## Task instructions
Wherever "Modern" appears in a line of the records below, count that line, and report only the number.

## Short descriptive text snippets
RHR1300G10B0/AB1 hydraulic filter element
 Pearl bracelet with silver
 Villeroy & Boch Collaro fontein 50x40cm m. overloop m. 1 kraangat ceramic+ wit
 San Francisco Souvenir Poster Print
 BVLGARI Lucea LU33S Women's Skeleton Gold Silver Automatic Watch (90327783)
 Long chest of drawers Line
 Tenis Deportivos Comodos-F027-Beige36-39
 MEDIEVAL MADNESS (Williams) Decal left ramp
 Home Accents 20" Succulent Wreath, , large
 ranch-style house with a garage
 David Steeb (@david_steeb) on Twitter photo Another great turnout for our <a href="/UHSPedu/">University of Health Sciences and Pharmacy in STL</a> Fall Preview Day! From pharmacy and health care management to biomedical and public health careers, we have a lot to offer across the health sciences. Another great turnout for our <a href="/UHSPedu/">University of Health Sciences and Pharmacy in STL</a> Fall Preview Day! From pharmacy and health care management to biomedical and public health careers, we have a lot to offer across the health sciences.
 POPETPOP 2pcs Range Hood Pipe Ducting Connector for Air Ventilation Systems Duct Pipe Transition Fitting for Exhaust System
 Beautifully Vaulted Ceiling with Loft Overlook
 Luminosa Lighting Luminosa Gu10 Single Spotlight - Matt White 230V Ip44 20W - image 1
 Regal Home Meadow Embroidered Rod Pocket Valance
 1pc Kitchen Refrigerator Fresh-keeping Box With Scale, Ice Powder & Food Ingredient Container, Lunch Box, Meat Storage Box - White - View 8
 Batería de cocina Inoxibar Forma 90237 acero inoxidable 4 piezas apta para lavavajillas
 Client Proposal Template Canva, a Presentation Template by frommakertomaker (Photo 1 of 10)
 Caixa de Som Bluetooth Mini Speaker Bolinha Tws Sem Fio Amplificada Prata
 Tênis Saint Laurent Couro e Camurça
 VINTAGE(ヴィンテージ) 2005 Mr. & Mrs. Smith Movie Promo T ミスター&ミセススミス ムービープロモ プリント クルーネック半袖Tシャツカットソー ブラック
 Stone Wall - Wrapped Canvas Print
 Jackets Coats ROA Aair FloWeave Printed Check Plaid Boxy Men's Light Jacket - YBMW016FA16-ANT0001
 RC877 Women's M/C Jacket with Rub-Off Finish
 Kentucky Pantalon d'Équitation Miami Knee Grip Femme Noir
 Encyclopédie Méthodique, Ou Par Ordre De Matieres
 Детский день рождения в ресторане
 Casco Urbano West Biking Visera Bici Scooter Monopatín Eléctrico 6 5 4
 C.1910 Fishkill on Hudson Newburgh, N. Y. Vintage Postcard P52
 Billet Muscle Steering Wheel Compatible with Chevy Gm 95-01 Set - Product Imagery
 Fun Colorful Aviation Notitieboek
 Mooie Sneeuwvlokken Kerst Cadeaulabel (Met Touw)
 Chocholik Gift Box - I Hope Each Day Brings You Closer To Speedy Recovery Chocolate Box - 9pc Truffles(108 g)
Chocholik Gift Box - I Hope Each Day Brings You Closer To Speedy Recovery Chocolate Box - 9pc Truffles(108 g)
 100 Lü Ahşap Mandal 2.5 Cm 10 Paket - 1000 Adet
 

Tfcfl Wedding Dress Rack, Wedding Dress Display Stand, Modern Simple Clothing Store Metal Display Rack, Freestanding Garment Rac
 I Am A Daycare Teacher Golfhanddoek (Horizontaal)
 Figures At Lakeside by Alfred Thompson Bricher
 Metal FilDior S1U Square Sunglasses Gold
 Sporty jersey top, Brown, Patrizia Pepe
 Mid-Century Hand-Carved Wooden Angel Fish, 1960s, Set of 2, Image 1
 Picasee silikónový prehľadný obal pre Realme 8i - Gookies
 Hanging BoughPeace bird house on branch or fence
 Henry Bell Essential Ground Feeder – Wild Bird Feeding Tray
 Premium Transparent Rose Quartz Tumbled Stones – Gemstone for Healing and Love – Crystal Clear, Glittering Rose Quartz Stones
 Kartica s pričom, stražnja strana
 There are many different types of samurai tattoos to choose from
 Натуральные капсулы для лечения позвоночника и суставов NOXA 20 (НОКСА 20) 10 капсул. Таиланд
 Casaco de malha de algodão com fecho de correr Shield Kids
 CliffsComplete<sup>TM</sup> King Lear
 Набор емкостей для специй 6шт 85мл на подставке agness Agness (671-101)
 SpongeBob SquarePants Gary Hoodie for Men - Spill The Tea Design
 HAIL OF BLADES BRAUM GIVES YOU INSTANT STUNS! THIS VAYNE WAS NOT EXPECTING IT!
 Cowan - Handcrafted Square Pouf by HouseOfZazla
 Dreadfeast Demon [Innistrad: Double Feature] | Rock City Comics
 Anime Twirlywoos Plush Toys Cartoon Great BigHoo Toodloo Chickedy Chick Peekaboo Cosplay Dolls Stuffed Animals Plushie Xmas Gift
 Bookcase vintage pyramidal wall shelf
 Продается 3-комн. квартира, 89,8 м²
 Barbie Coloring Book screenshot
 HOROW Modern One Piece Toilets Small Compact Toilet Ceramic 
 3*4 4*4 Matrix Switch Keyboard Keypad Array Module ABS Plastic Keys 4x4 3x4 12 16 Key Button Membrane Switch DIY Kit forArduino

## Task result
2